I think most of us have lost data at some point and I want to help people avoid it going forward. So to start off there's a few things to note about data backups.

You should have multiple backups. Backups can be out of date, corrupt, or otherwise unusable. It's also possible backups can be lost at the same time as the source data.

This is also why 'raid is not backup' is a popular phrase in some circles. Raids can seem like a backup but it's possible (even likely!) that you'll lose multiple disks in the array in quick succession. Without multiple backups there is a good chance you'll lose everything anyway.

You should have local and remote backups. If all your backups are local you're still vulnerable to data loss in the event of disasters like theft or fire. If all your backups are remote there are slowdowns when both backing up data and restoring it.

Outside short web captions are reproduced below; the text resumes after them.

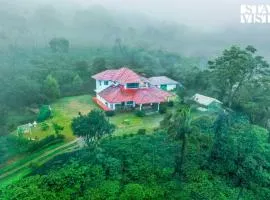 3 BR Mercara Hill with Outdoor Jacuzzi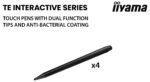 Iiyama iiyama ProLite TE9813A-B2AG - 249 cm (98") Diagonalklasse (247.6 cm (97.5") Digital Signage Display EEK: G (A - G – Bild 14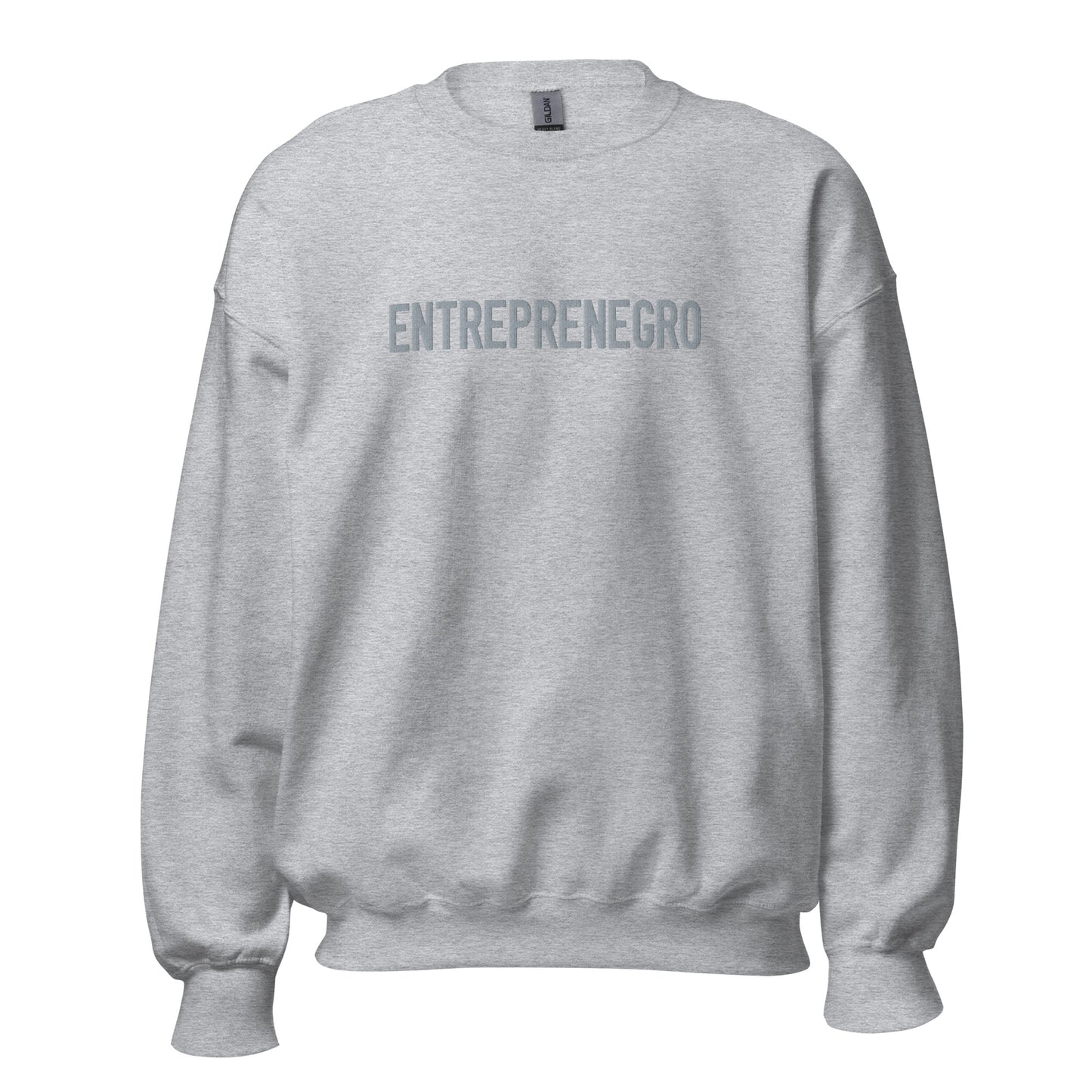 Entreprenegro Crewneck (Em)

Slow data restores are annoying, but manageable.

However, when backing up data there is an unrecoverable window before data is backed up. The longer this window of time the more data can be lost when your primary storage goes down. Local backups allow this window to be minimized.

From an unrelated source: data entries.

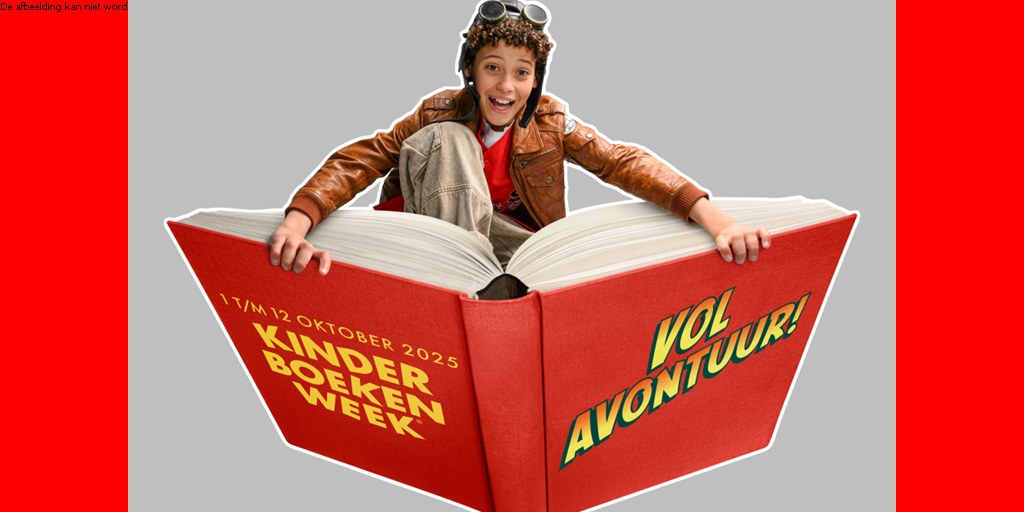 Foto: Kinderboekenweek 2025: volop activiteiten in de bibliotheken in Heeze, Leende en Sterksel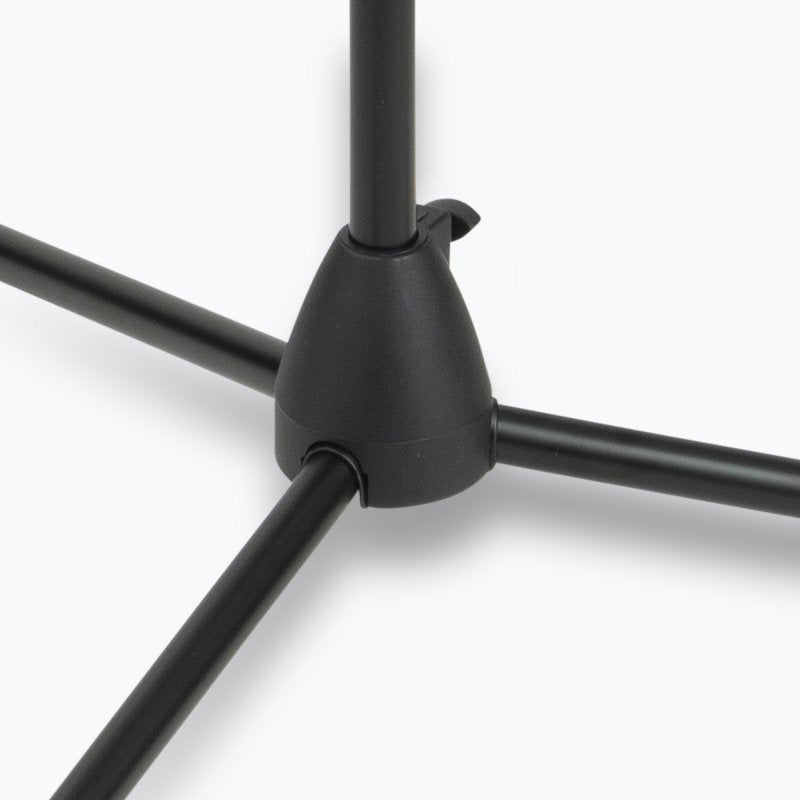 Six Euro Boom Mic Stands with Bag
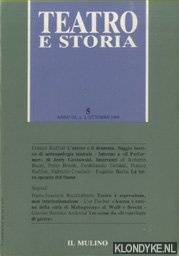 Ropa, Eugenia Casini - Teatro e storia 5. Anno III, n. 2, ottobre 1988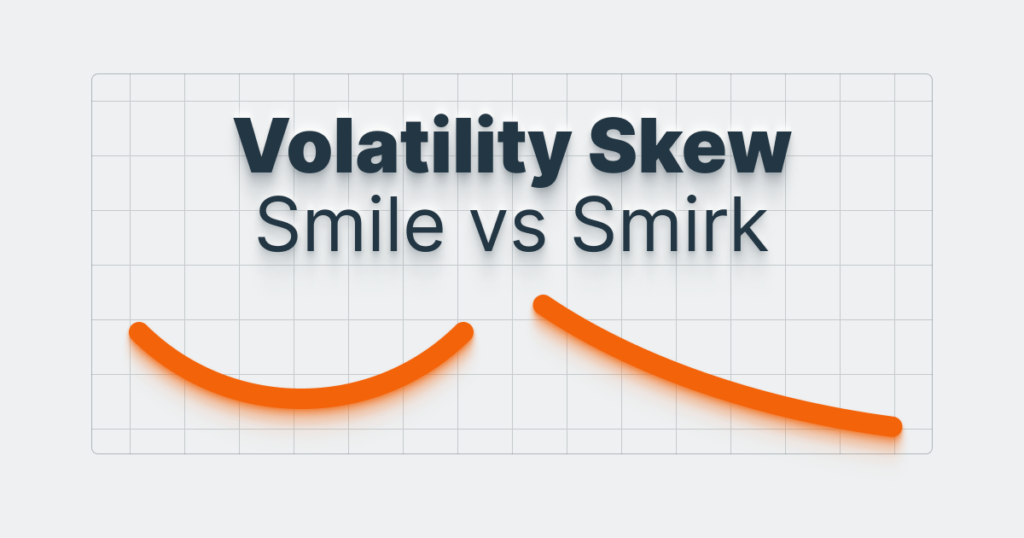 Cover - Volatility skew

Backups are not backups unless they're restorable. The first time I backed up a machine I was 12 years old. This may sound like some great statement of accomplishment, but it's not.

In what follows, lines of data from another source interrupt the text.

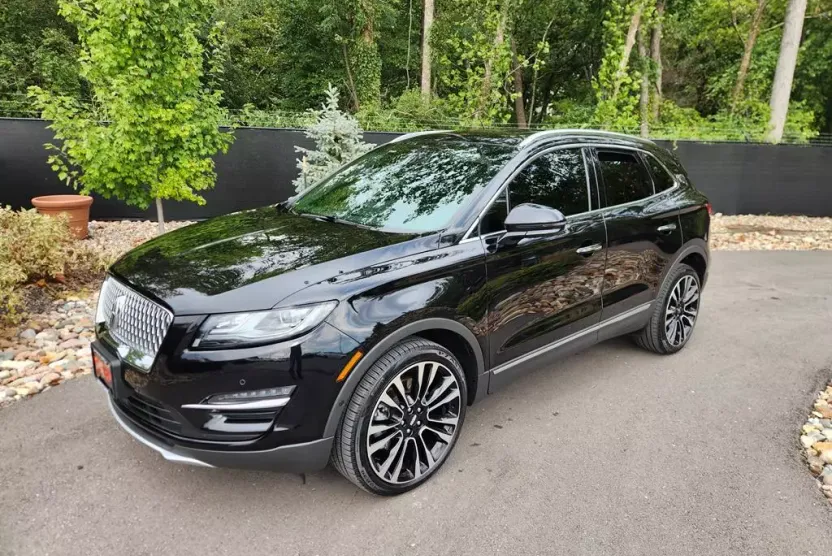 2019 Lincoln MKC Reserve photo 1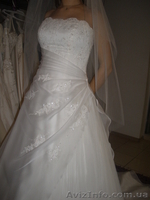 Эксклюэивное свадебное платье - <ro>Изображение</ro><ru>Изображение</ru> #4, <ru>Объявление</ru> #272681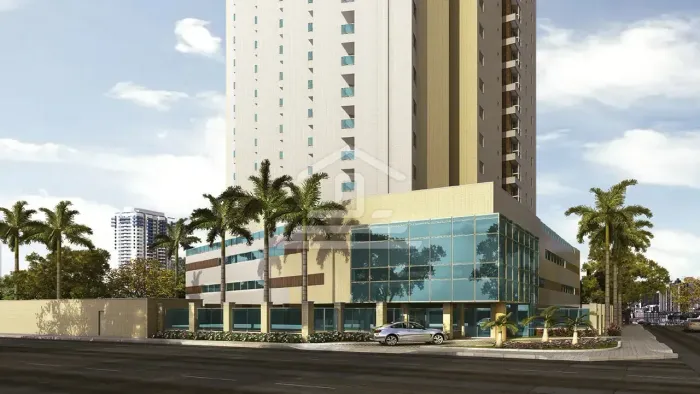 Aquarius Residence | Studios Ideal pra Investimento TR15419 FOR - MT92KQ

While exploring the capabilities of the system I deleted everything on the hard drive (I was only 12 after all). Backup in hand I felt confident, but unfortunately I had no idea how to restore it or even what application I used to create it.

This is just one way backups may be useless. Backups can be corrupted or messed up in countless ways. It's important to use methodologies that are tried and true. Some common backup utilities have horrific reliability records.

You should also test backups periodically. You should, but realistically I don't expect people to actually do this. The likelihood of people testing is why I rate having multiple backups and the methodology choice as more important decisions.

My Data

I use a Mac as my primary machine. The rest of this post is going to somewhat reflect this. Some of the advice I give will apply if you have Windows, some wont. Regardless the spirit of what I do is the important part.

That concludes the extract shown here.